Five or 10 years ago, I’d have included Trevor Hoffman. He was the career leader in saves under Mariano Rivera surpassed him, and I used to vote for big-time closers as a matter of course. My feeling about closers has, shall we say, evolved. The most valuable reliever in the postseason just completed was Andrew Miller, who worked 19 1/3 innings while recording one save, which reminds us that the final three outs aren’t always the most important three outs. If it’s a choice between a starting pitcher of the highest caliber – Mussina and Schilling, say – and Hoffman, that’s no choice at all.

(Truth to tell, I came closer to voting for Billy Wagner, who had 179 fewer saves than Hoffman but at his peak was the more dominant pitcher. And I will have no problem voting for Rivera in 2019 because – duh – he's the Babe Ruth of closers. If you add Hoffman's and Wagner's Baseball-Reference WAR values together, you get 56.5. Mo's career WAR is 57.2.)

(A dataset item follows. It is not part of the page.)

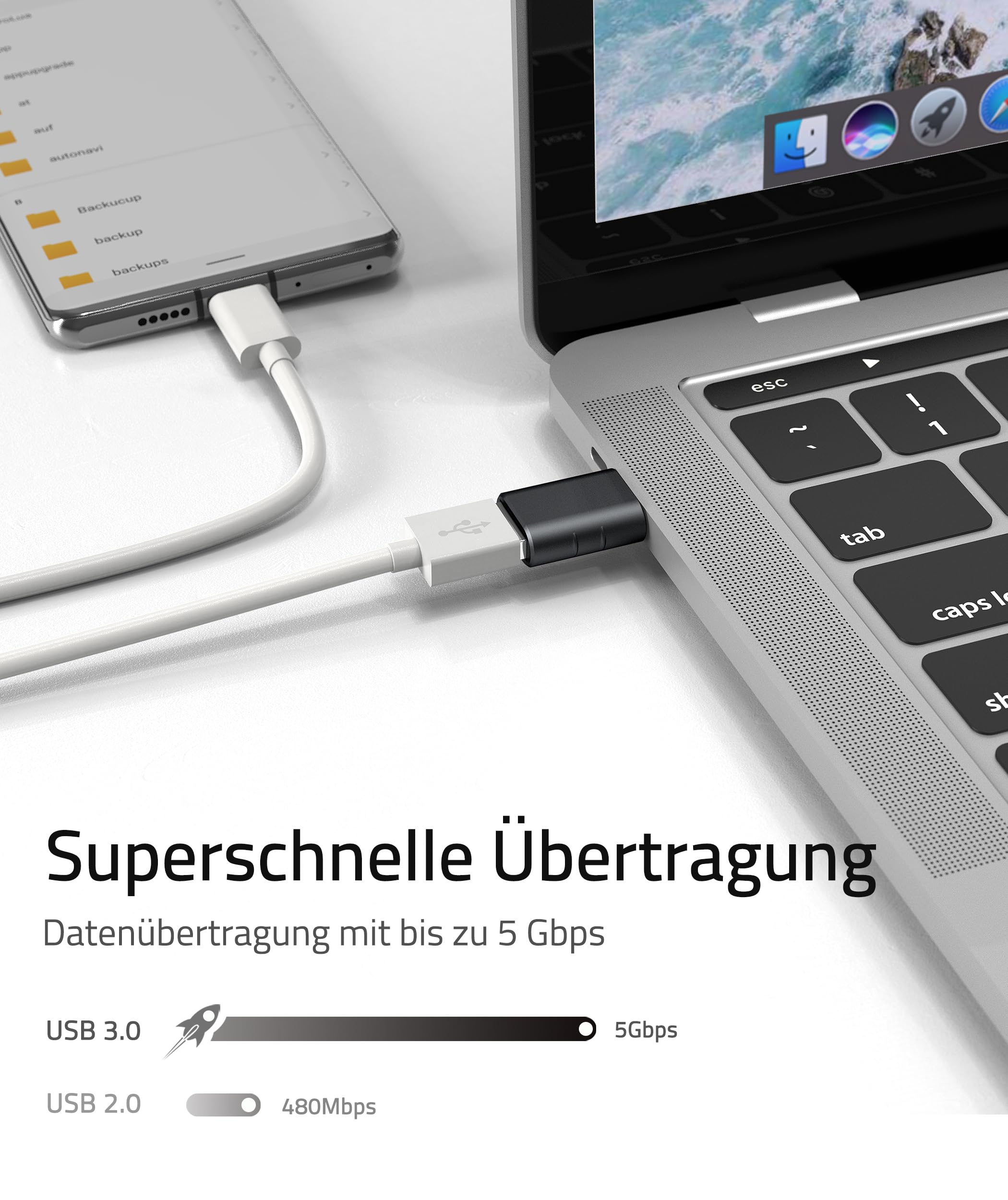 Syntech USB-C to USB Adapter, 2 USB-C Male to USB-C Female Adapter, Compatible with iPhone 16 Pro Max iMac iPad Pro 2021, MacBook Air Pro 2020 and Other Type-C/Thunderbolt 3 Devices, Blue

Back to PEDs: I’ve voted for Bonds and Clemens every year – and voted for McGwire a time or two – because I cannot sit in my comfy chair and say, “X number of homers/strikeouts should be voided because they took PEDs.” How many of Bonds’ 762 home runs wouldn't have been home runs if he’d taken only Vitamin C? Ten? Twenty? Two hundred? When exactly did he starting juicing? How many homers did he hit off pitchers who were themselves using PEDs? Should those have canceled each other out? Should they have counted double?

The point being: I don’t know, and neither do you. Baseball, in its blithering idiocy, left it to us HOF voters to be ex post facto pharmacologists while allowing the records of PED users/suspects to remain on the books. As much as we might like to believe that Hammerin’ Hank remains the Real Home Run King, he’s not. You could look it up. He’s still at 755. Bonds has seven more.

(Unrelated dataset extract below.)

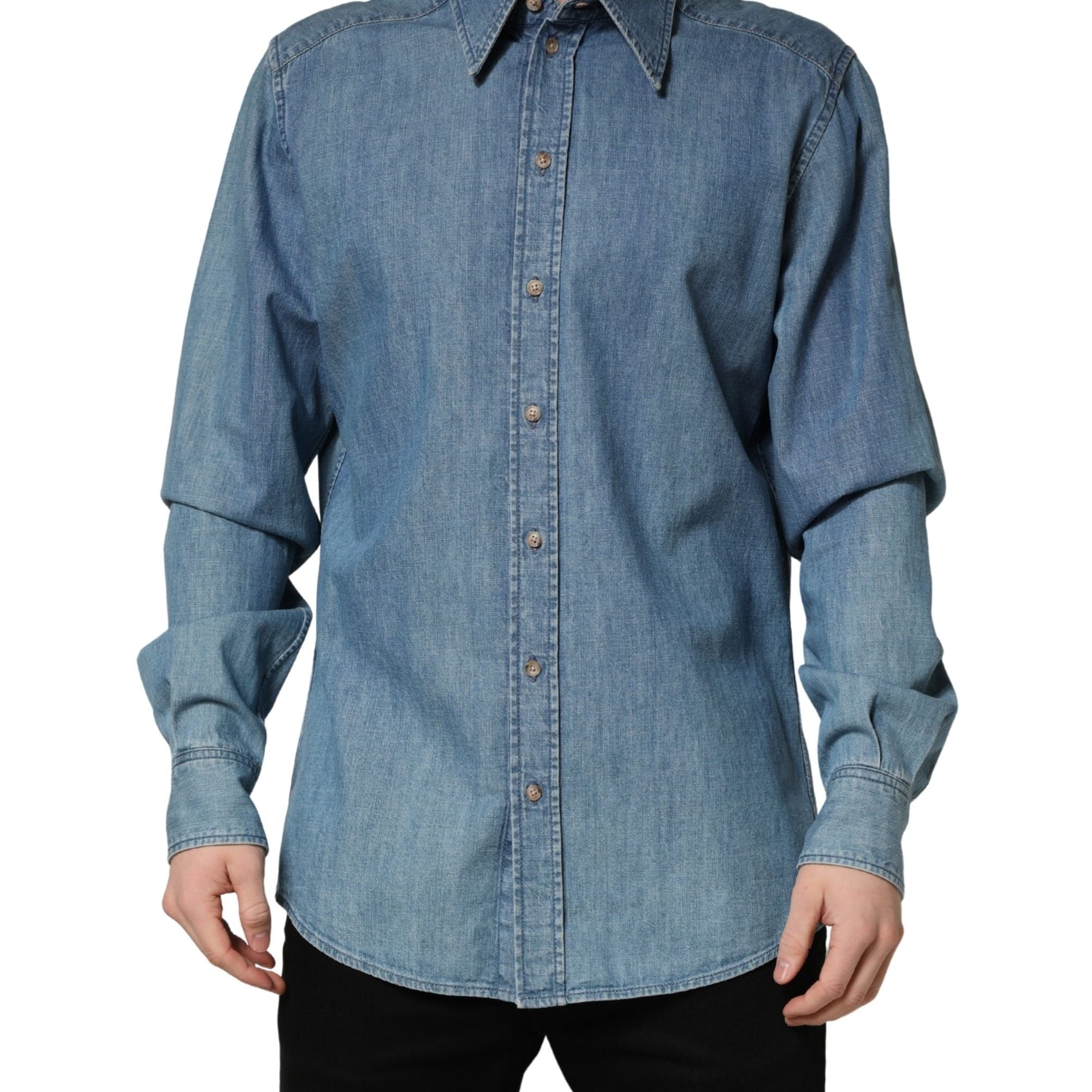 Dolce & Gabbana Blue Cotton Stretch Casual Denim Slim Shirt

In 2013, Bonds' first year of Hall eligibility, the greatest player post-Ruth was named on 36.2 percent of the ballots – less than half the 75 percent needed for enshrinement. Clemens, among the five best pitchers ever, made 37.6 percent. Last year the two were at 44.3 and 45.2 percent, respectively. But if we check Ryan Thibodaux's HOF tracker of ballots made public by the voter , we see that Bonds is at 62.5 and Clemens 61.6 for this year, while Bagwell and Pudge are above the 75 percent line of demarcation. (Results will be announced Wednesday.)

I don’t know if this surge of support for suspected PED miscreants is due to the HOF’s tightening of voter ranks, or to a hey-Bud-got-in backlash, or simply to a softening over time. But I do know that Bonds and Clemens now have a real chance to make it – not this year, but soon. Whatever the cause, something is different.

Baseball tried to have it both ways, but the only certainty we voters can find are the numbers in the record book. As long as those records are allowed to stand -- without even a Ford Frick asterisk -- the men who compiled those records shouldn't be regarded as second-class citizens. I cannot vote on what's unknown and surely unknowable. I can vote only on what's there.